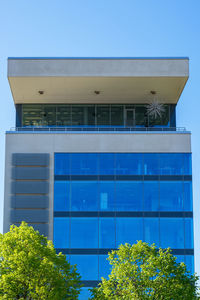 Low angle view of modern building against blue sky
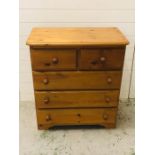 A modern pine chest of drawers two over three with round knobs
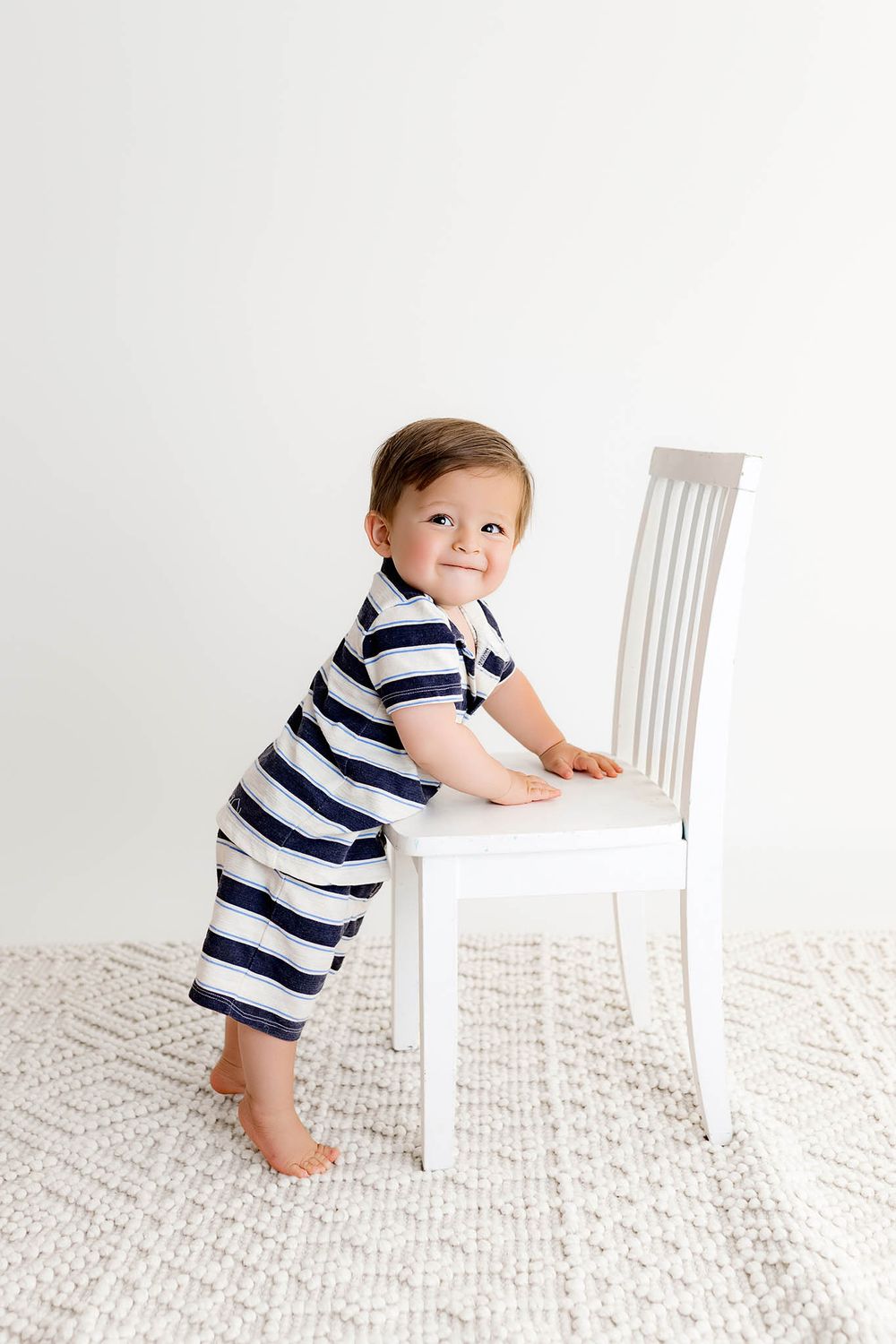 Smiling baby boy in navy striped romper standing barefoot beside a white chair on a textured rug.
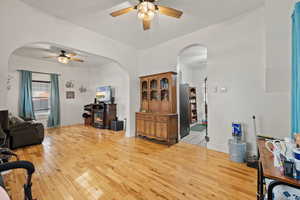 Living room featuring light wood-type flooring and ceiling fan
^^^^
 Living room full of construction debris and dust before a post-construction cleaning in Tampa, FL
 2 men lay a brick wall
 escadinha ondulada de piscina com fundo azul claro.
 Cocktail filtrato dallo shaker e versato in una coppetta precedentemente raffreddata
^^^^
**WHAT THE EXERCISE ASKS**.
Give back exactly the lines of the listing above from the one that contains "Low angle view" up to and including the one that contains "Living room featuring", but not the pictures, and no other lines.

**OUTPUT OF THE TASK**.
 Low angle view of modern building against blue sky
 A modern pine chest of drawers two over three with round knobs
 Smiling baby boy in navy striped romper standing barefoot beside a white chair on a textured rug.
 Living room featuring light wood-type flooring and ceiling fan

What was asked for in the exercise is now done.